======== Records provided ========
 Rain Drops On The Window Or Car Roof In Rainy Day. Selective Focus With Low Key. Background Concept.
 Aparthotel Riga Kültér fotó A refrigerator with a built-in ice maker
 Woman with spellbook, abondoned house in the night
========
======== Records provided ========
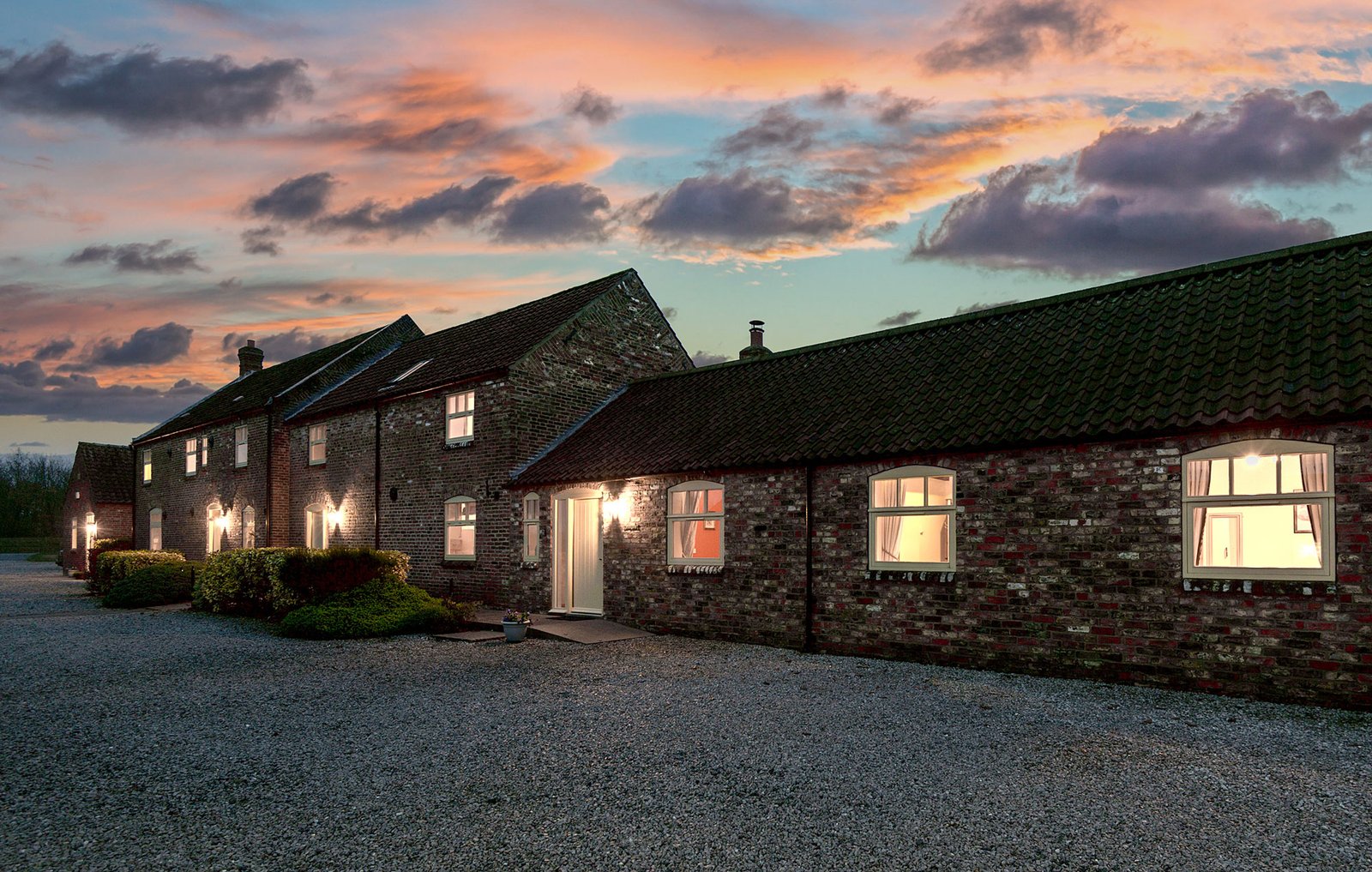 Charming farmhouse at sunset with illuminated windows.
========
======== Records provided ========
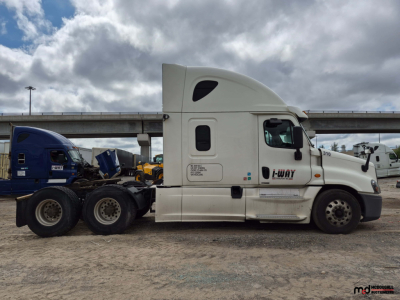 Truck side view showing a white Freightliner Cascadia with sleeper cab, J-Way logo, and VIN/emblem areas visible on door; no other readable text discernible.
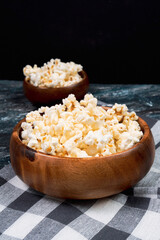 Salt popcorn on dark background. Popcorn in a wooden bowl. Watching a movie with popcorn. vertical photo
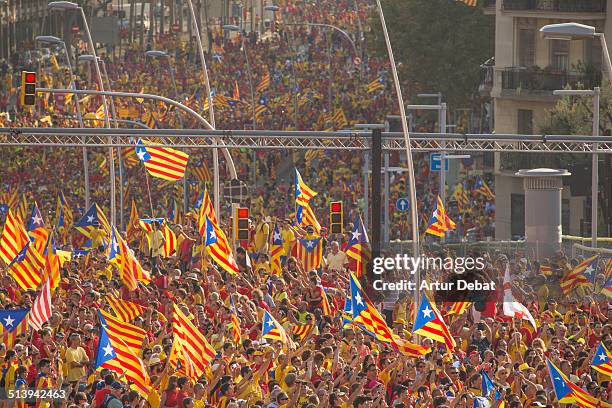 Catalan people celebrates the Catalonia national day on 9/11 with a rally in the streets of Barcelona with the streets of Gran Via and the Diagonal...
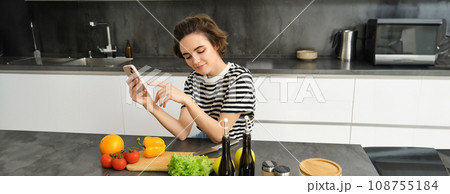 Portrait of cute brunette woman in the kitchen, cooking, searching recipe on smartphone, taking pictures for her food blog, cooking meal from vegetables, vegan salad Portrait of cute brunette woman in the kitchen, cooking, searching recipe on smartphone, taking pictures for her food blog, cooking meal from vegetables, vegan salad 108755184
========
Required action – Given the records above, restate word for word only the lines starting at the one with "Aparthotel Riga Kültér" and ending at the one with "Woman with spellbook, abondoned".

Response area –
 Aparthotel Riga Kültér fotó A refrigerator with a built-in ice maker
 Woman with spellbook, abondoned house in the night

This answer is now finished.